筆者が社会人になったこととは異なり,最近ではすっかり電子メールがコミュニケーションの中心になった。先日,友人が海外での電子メールに関するエピソードを教えてくれた。ある国際会議の議場での出来事である。

 数百人を集めた会議場の演題から司会者が「今,電子メールをチェックしていた人」と問いかけたところ,なんと会場の半数以上の人が手を挙げたというのだ。まさに時間と場所を選ばないコミュニケーションとして確固たる地位を築いた証だろう。電子メールは,プロジェクトにおいても重宝される便利なツールである。しかし,プロジェクトマネージャ(PM)が,コミュニケーション・ツールとして,これに頼りすぎてしまったばっかりに失敗してしまったという例は少なくない。

メールで士気を落としたAさんの失敗

 Aさんは大手通信事業者の中堅SEである。今回,Aさんは,上司から自社の交通費精算システム再構築のPMとして任命された。もともとAさんはSE時代からコミュニケーションについては苦手意識を持っており,上司もそのことは承知していた。しかし,Aさんに育ってほしいという思いから,あえてPMに抜擢したのだった。

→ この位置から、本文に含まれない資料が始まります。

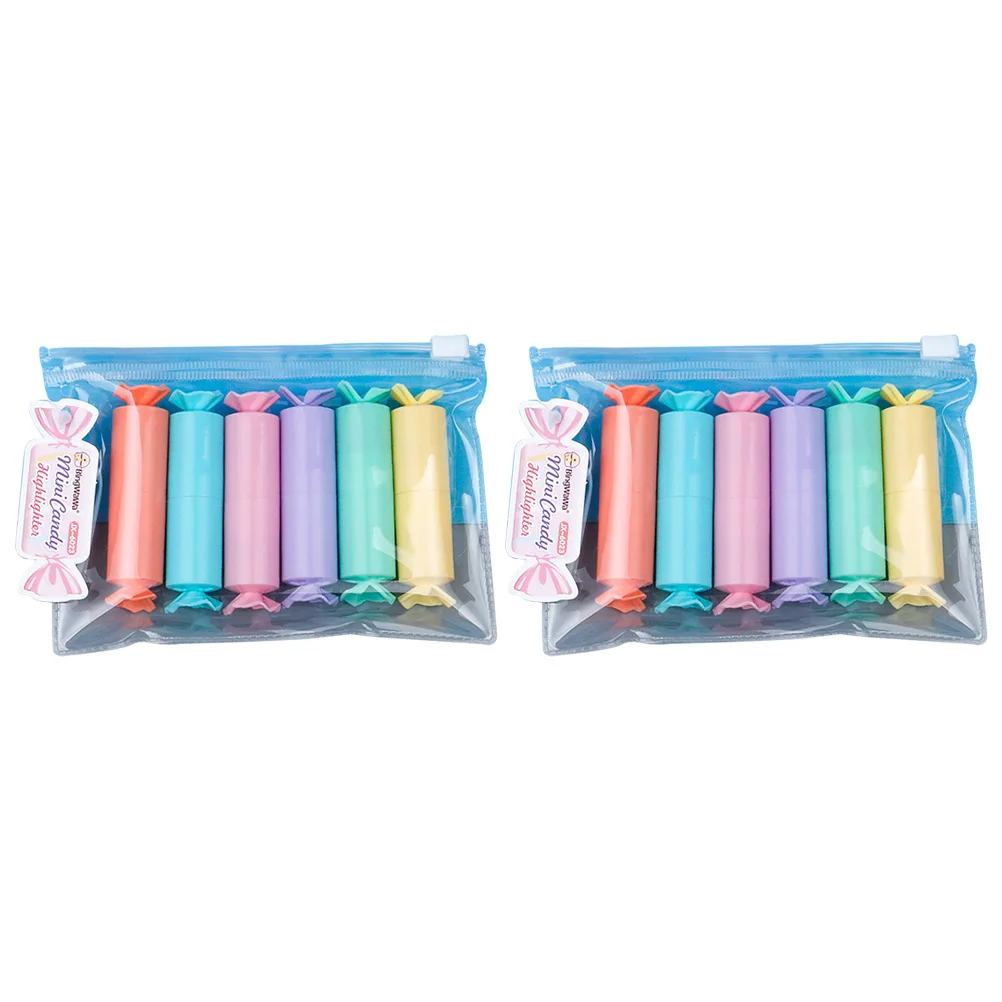 

DIY Graffiti Highlighter Candy Shaping Marker Small Highlighters Decorative Marking Pens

 ふたを開けてみると,Aさんが心配したほどの問題も無く,プロジェクトは順調にスタートした。あるとき,Aさんは仕事の依頼を電子メールで各リーダーに送信した。Aさんが指定する期日までに,ある資料に目を通してほしいという内容だった。

 すると,さすがに若い世代である。即座に返信メールが届いた。それどころか,その資料の内容についてメール上で議論が始まったのだった。これにはAさんも驚いた。自分の書いた何気ないメールでプロジェクトが活気づいたように感じたのだ。そこで,Aさんもこの議論に交わってメール交換を行い,これまで以上に若手技術者と意見を交わすようになったのである。これをきっかけにAさんはすっかり電子メールを中心にコミュニケーションを取るようになった。

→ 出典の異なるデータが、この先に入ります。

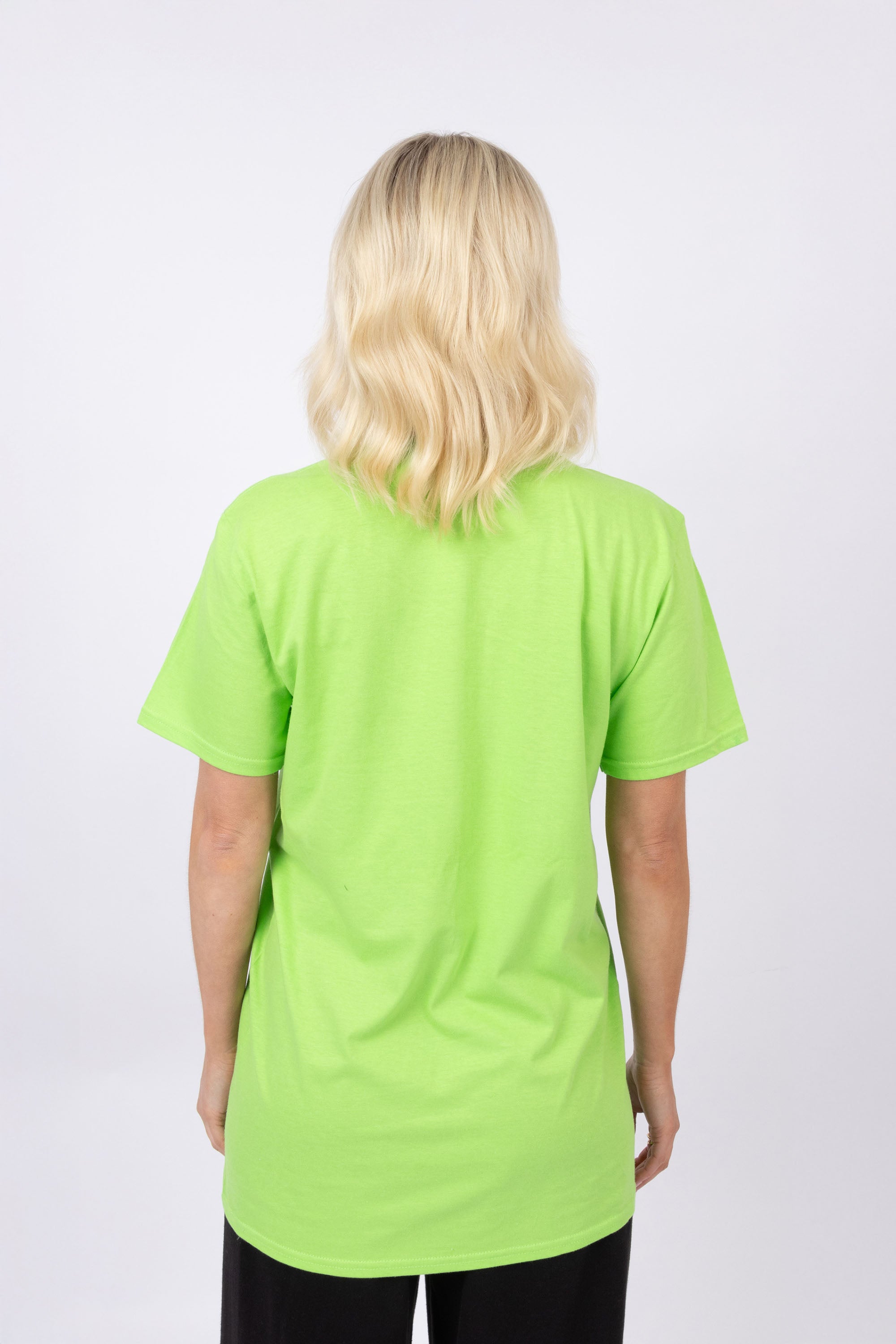 Tropical Green Hibiscus Floral Printed T-shirt (Custom Pack)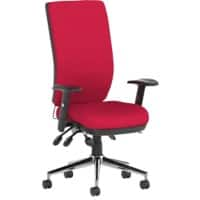 dynamic Triple Lever Ergonomic Office Chair with Adjustable Armrest and Seat Chiro High Back Bergamot Cherry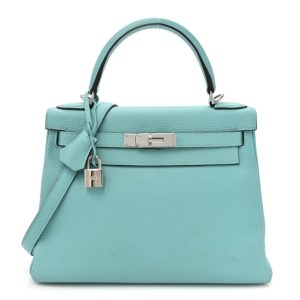 Hermes Togo Kelly Retourne 28 Bleu Atoll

 あるとき,Aさんはあるサブチームで発見した障害を伝える緊急メールを各チーム・リーダーに送信した。この障害はすべてのチームに影響がある可能性があったからだ。Aさんは皆が即座に反応すると思っていた。実際はそうではなかった。プロジェクトが後半に近づき各チーム・リーダーは,頻繁に電子メールをチェックするほどのゆとりがなかったのだ。

 Aさんがメールを送信した翌日,メールを読んでいないリーダーの一人が,同様の障害を発見したとAさんに報告のメールを出した。するとAさんはそのメールの返信で,既にそのことについては前の日に自分がメールを出しているので読んでくれと答え,今後このようなことがないようにとクレームを付けたのだった。

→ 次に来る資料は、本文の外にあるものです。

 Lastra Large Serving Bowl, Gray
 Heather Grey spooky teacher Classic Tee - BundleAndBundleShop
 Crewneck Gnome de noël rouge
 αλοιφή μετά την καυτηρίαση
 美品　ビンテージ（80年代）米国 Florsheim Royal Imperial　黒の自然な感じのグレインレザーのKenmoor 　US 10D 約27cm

 このクレーム・メールはAさんの虫の居所が悪かったときに書いたこともあり,少々表現が厳しかった。そのためかこのメールはチーム・リーダー間で大きな反響を呼んでしまった。このメールを発端に同障害に対する議論となり,かつ話題は枝葉に発散してしまった。しまいには,担当者名指しでの中傷にまで発展した。Aさんがまずいと感じたときは,既に遅かった。チーム内の雰囲気はすっかり悪くなり,士気も落ちてしまったのだった。